Algebraic characterization (polynomials in $L$): SURVIVES. For any graph Laplacian $L$ and any polynomial $p$, the matrix $p(L) = \theta_0 I + \theta_1 L + \theta_2 L^2 + \cdots + \theta_d L^d$ is a well-defined linear operator on signals. We can define convolution as any polynomial in $L$. This is well-defined for any graph, requires no eigenbasis, and — as we will see in Chapter 5 — the degree $d$ controls the locality of the filter (an order-$d$ polynomial touches only the $d$-hop neighborhood of each vertex).
Spectral characterization (diagonal in $L$-eigenbasis): SURVIVES. Since $L$ is real symmetric, it always has a complete orthonormal eigenbasis $U = [u_0 | u_1 | \cdots | u_{N-1}]$, with $L = U\Lambda U^T$. We can define convolution as $U\operatorname{diag}(\hat{h})\,U^T x$ for any choice of spectral multipliers $\hat{h} \in \R^N$. This is well-defined for any graph and gives $N$ free parameters (one per eigenvalue).
Note the inclusion $\subseteq$, not equality. Any polynomial in $L$ is diagonal in the $L$-eigenbasis (because $L^k = U\Lambda^k U^T$, so $p(L) = U\,p(\Lambda)\,U^T$, which is diagonal with entries $p(\lambda_m)$). But the converse fails when $L$ has repeated eigenvalues: a spectral multiplier can assign different values to eigenvectors within the same eigenspace, which no polynomial in $L$ can do (a polynomial must assign the same value $p(\lambda)$ to all eigenvectors with eigenvalue $\lambda$).
For our running example, the triple eigenvalue $\lambda = 3$ illustrates this precisely. A polynomial filter $p(L)$ must assign the same multiplier $p(3)$ to all three eigenvectors in the $\lambda = 3$ eigenspace. A spectral filter can assign three different multipliers $\hat{h}_2, \hat{h}_3, \hat{h}_4$ to those eigenvectors. The spectral class is strictly larger.
| Characterization | ZN status | Graph status |
|---|---|---|
| Group-theoretic (commute with S) | ✓ | ✗ Broken |
| Algebraic (polynomial in operator) | ✓ (poly in S) | ✓ (poly in L) |
| Spectral (diagonal in eigenbasis) | ✓ (DFT basis) | ✓ (L-eigenbasis) |
The pivot of the course: on graphs, we define convolutions via the algebraic and spectral characterizations, which still agree with each other in the sense that every polynomial filter is a spectral filter.

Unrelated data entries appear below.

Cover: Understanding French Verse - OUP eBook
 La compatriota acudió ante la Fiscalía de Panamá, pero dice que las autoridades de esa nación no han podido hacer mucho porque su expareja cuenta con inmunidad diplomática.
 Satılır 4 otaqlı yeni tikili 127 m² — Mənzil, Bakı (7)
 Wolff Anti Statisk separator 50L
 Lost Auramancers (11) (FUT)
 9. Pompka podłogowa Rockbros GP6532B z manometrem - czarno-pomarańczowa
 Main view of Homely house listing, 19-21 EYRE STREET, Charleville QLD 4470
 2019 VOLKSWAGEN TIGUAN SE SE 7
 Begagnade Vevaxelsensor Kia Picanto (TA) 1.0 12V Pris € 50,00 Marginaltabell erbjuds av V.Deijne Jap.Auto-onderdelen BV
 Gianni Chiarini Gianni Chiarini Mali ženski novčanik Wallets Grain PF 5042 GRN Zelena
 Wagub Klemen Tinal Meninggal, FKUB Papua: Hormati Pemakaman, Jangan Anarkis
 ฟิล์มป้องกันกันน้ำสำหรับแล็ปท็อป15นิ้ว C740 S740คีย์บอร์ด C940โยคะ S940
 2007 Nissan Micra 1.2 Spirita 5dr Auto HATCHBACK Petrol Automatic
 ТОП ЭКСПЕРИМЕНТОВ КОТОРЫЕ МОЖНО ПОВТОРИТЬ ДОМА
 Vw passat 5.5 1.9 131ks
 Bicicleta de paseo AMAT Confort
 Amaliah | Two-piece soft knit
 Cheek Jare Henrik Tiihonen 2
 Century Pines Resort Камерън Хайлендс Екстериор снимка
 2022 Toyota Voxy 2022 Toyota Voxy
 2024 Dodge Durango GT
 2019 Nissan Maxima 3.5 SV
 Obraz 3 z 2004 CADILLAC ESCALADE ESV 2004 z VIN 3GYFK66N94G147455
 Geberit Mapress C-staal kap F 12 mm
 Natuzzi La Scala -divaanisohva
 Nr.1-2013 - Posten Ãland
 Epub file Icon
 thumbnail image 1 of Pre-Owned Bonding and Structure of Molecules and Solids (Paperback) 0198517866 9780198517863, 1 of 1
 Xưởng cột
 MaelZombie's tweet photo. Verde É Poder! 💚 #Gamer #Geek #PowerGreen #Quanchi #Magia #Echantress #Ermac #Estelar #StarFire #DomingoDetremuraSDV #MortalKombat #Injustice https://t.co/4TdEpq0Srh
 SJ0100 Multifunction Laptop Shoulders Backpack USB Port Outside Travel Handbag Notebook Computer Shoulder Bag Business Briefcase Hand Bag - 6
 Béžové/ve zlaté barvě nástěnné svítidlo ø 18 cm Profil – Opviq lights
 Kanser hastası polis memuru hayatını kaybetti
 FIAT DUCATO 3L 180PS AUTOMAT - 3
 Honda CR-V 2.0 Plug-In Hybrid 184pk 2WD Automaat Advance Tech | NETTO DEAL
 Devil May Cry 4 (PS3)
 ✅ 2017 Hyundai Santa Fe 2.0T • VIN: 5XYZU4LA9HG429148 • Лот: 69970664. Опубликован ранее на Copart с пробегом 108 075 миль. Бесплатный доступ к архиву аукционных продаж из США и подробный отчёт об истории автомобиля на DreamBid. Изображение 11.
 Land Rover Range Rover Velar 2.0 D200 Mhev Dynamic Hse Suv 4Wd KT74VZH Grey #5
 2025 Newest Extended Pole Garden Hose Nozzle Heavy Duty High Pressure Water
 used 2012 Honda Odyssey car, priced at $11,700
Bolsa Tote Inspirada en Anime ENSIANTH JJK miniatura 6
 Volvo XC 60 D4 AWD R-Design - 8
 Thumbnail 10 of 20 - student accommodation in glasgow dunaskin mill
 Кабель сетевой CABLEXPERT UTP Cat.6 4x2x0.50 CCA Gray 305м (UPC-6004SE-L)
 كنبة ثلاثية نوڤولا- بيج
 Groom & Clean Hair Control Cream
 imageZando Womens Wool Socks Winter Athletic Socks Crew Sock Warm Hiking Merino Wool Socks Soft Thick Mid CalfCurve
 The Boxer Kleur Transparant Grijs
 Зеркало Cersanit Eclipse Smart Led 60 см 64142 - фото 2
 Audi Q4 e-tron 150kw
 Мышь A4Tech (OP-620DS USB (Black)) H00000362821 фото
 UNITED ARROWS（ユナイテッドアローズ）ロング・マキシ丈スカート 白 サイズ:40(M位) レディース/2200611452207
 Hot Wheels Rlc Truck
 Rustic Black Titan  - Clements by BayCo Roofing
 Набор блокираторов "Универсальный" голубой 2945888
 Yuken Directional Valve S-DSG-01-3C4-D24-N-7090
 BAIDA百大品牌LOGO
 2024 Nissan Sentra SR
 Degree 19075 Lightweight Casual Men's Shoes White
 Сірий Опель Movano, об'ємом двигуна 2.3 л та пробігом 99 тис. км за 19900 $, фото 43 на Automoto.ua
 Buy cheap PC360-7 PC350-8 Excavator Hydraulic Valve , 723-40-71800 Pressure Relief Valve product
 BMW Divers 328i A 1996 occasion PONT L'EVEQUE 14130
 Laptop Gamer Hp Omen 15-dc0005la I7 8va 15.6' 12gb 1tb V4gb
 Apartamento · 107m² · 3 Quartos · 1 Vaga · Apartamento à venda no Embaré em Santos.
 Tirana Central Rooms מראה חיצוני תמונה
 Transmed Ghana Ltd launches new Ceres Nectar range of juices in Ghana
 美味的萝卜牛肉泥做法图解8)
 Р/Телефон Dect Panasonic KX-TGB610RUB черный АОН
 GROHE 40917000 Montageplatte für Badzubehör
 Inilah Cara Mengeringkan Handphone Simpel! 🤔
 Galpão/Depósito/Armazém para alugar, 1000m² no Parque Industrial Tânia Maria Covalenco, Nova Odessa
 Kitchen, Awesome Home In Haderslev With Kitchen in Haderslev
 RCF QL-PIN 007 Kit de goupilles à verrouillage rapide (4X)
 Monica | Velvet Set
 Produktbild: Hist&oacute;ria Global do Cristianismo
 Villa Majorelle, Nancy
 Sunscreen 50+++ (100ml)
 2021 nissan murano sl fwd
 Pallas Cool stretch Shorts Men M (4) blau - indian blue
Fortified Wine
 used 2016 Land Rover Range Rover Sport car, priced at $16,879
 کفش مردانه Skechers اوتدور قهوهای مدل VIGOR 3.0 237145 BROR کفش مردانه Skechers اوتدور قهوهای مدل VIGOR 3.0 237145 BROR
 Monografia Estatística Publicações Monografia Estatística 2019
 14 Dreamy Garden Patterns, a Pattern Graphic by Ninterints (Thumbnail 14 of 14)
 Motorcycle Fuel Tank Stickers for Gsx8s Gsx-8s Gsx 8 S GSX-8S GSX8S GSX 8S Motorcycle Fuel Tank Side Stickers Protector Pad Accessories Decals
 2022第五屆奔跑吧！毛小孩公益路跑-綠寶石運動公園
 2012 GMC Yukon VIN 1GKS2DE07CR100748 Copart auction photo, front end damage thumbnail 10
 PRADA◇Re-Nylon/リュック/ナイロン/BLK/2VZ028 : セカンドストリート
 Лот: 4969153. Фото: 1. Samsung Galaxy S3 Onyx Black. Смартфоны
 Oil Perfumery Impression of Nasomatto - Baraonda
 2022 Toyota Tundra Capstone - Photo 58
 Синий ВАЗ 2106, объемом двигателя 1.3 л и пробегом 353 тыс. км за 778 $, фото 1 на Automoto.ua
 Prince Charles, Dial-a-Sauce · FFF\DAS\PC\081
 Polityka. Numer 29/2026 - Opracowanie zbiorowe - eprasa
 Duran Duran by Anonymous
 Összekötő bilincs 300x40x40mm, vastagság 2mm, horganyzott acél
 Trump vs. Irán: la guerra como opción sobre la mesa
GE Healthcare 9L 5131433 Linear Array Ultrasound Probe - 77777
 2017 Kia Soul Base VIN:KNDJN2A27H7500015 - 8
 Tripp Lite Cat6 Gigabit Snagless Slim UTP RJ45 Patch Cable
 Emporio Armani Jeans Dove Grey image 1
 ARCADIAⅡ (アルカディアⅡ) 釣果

The reverse inclusion fails when eigenvalues repeat, but this is a manageable asymmetry. The group-theoretic characterization — the one that gave us translation invariance for free — is genuinely gone. On graphs, there is no translation invariance. There is only the weaker notion of “locality via polynomial degree” and “spectral filtering via the eigenbasis of a chosen operator.”
This sets the stage for the next chapter, where we develop both characterizations in full detail: the graph Fourier transform $\hat{x} = U^T x$ and the polynomial graph convolution $p(L)x$. We will see how the spectral and polynomial viewpoints each come with distinct tradeoffs — expressiveness versus efficiency, global versus local — and how the GCN architecture of Kipf & Welling (2017) emerges as a specific degree-1 polynomial approximation.